„Im Jahre 1910 wurde auf einem von der Landesversicherungsanstalt zur Verfügung gestellten außerhalb des umzäunten Heilstättengebietes gelegenen Gelände durch eine Berliner Brauerei ein großes Restaurations- und Hotelgebäude erbaut, das unter gewissen Bedingungen sofort in den Besitz der Landesversicherungsanstalt Berlin überging. Das Gebäude, das den Besuchern der Patienten bei schlechtem Wetter Unterkunftsmöglichkeiten gewähren soll, enthält zugleich zwei Verkaufsläden.“
So wird das Gästehaus in der Denkschrift von 1927 beschrieben.

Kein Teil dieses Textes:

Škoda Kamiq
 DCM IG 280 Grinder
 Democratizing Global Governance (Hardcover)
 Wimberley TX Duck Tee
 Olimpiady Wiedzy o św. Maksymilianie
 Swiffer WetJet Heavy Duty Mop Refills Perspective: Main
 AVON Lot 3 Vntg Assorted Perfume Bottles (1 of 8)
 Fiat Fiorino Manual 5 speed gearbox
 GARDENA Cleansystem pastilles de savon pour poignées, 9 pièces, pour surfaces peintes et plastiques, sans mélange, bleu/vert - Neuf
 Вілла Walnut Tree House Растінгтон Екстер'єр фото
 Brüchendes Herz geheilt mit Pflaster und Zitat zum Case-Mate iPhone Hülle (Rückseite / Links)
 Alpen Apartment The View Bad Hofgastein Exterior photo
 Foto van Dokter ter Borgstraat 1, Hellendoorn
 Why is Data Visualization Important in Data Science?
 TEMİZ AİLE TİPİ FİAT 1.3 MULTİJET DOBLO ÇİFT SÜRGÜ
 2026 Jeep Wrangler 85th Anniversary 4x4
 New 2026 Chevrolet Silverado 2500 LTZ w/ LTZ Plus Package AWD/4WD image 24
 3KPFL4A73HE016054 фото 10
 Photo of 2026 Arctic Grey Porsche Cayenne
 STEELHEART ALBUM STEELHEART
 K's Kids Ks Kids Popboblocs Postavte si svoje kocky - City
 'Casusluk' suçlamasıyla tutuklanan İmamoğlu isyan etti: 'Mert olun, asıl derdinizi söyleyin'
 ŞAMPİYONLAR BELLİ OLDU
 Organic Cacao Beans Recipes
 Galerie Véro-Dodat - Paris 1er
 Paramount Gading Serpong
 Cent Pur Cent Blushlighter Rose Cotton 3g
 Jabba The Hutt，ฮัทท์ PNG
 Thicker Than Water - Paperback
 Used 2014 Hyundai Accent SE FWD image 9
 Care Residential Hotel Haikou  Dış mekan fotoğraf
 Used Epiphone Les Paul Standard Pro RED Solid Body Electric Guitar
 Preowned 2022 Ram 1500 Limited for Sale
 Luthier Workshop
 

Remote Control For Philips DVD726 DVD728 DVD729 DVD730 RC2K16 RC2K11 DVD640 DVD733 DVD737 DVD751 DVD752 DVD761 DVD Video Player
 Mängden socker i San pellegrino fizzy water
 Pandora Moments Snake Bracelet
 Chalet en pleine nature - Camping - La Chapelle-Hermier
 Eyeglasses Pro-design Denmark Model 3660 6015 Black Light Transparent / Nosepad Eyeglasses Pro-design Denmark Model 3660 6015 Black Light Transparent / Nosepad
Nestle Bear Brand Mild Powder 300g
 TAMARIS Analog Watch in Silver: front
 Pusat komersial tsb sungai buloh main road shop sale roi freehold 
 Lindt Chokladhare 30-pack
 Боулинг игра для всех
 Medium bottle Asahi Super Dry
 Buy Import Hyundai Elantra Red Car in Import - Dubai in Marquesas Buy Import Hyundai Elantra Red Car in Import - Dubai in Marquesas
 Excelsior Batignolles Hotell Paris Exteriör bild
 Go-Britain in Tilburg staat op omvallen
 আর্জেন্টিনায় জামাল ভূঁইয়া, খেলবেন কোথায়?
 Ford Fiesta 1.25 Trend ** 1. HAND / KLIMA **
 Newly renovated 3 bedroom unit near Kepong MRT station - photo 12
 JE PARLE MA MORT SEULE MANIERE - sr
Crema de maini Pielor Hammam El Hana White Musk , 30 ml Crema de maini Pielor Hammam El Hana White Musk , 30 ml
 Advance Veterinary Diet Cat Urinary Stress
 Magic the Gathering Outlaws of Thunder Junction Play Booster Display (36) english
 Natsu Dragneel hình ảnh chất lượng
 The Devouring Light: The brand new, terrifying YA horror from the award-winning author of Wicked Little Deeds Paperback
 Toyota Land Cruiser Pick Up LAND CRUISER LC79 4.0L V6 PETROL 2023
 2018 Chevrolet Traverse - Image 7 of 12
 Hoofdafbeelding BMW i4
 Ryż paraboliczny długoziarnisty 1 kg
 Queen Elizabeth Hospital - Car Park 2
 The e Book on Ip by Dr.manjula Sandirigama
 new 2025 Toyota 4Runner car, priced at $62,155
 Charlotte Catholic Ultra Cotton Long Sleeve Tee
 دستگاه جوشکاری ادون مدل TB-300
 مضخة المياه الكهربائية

Direkt, südlich des Bahnhofes gelegen, erreichten die Besucher ab 1911 die neue Einrichtung. Der angrenzende Biergarten diente bei schönem Wetter als Treffpunkt. Die aus Berlin Anreisenden mussten nur aus dem Zug aussteigen und fielen direkt ins „Berliner Kindl“. Auch die Insassen der Lungenheilstätte nördlich der Bahn durften mit Genehmigung des Arztes die Gaststätte alle zwei Wochen an den Sonntagen besuchen. Es fanden Versammlungen und Vorträge statt. Während des Faschings lud der Wirt in der Beelitzer Zeitung zum Kostümfest. Das Berliner Kindl war als Gaststätte bei den Besuchern und Patienten sehr beliebt. „Wenn ihr am Sonntag kommt, fahrt mit dem ersten Zug, um halb eins sitzen wir im Berliner Kindl, “ schrieb eine Patientin nach Hause. In den letzten Kriegstagen und danach diente es als Unterkunft für Vertriebene, mit der Übernahme der roten Armee als Wohngebäude.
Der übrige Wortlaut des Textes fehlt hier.